Page:Voltaire - Œuvres complètes Garnier tome42.djvu/447

La bibliothèque libre.
Le texte de cette page a été corrigé et est conforme au fac-similé.

Comme il faut joindre l’agréable à l’utile, voici quelques exemplaires de la Relation du marquis de Pompignan, faite par lui-même ; il y a là je ne sais quoi de naïf qui me fait plaisir.

Vous m’ordonnez de vous envoyer une certaine Olympie pour laquelle je me refroidissais beaucoup ; c’est un enfant que j’étouffais de caresses. Quand il était au berceau je l’aimais trop, et peut-être à présent je ne l’aime pas assez ; je crains qu’on ne lui donne du ridicule dans le monde, car, à moins que le bûcher ne soit le plus beau des spectacles, il peut devenir grande matière à sifflets. Je vais sur-le-champ faire chercher Olympie ; je dois en avoir encore une assez mauvaise copie, mais je vous l’enverrai telle qu’elle est, pour ne pas vous faire attendre.

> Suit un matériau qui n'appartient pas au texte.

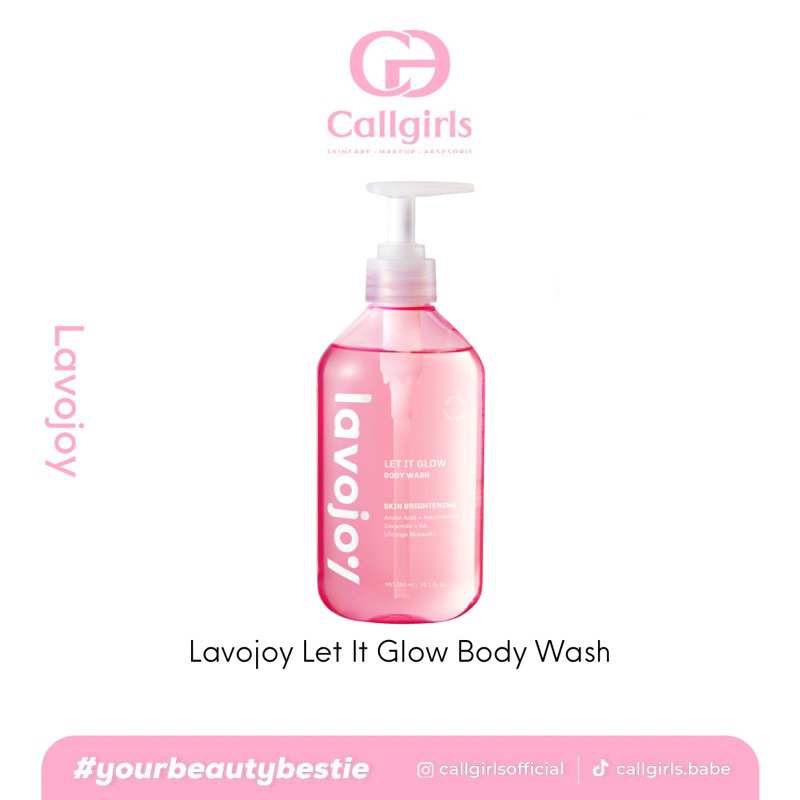 CG Lavojoy Let It Glow Body Wash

5247. — À M. LE COMTE D’ARGENTAL.
25 mars.

Je viens de la lire[1] ; la voilà donc ! Il en sera ce qu’il pourra ; mais c’est à cette seule condition qu’on la jouera comme je l’ai faite, et non point comme je ne l’ai pas faite, parce que c’est mon ouvrage que je donne, et non pas celui d’un autre. J’aime encore mieux un sifflet qu’un changement fait malgré moi. S’il y a la moindre difficulté, je supplie mes anges de supprimer tout.

Le rôle d’Olympie demande de la naïveté, de la tendresse, et au cinquième acte une douleur renfermée en elle-même : cela n’exige pas des talents bien supérieurs ; pour peu que l’actrice ait une voix et une figure intéressantes, le rôle doit être touchant.

Il s’agirait d’avoir un Cassandre qui eût de la voix, de la figure, et de la chaleur ; sans quoi le risque est assez grand. Enfin voilà de quoi amuser mes anges pendant le saint temps de Pâques.

Ils n’ont pas daigné me dire s’il est vrai qu’on ait mis à la Bastille un réviseur théâtral nommé Marin, pour quatre vers d’un Théagène[2] dont on a fait, dit-on, l’application la plus maligne et la plus injuste au roi : il me paraît qu’au contraire ce Marin est

  1. Olympie.
  2. Théagène et Chariclée, tragédie de Dorat, avait été représentée le 2 mars 1763. Voici les quatre vers pour lesquels on mit à la Bastille le censeur, qui toutefois n’y resta que vingt-quatre heures :

    Au trône, du berceau ces monarques admis,
    Ont droit de végéter dans la pourpre endormis,
    Et, chargeant de son poids un ministre suprême,
    De garder pour eux seuls l’éclat du diadème.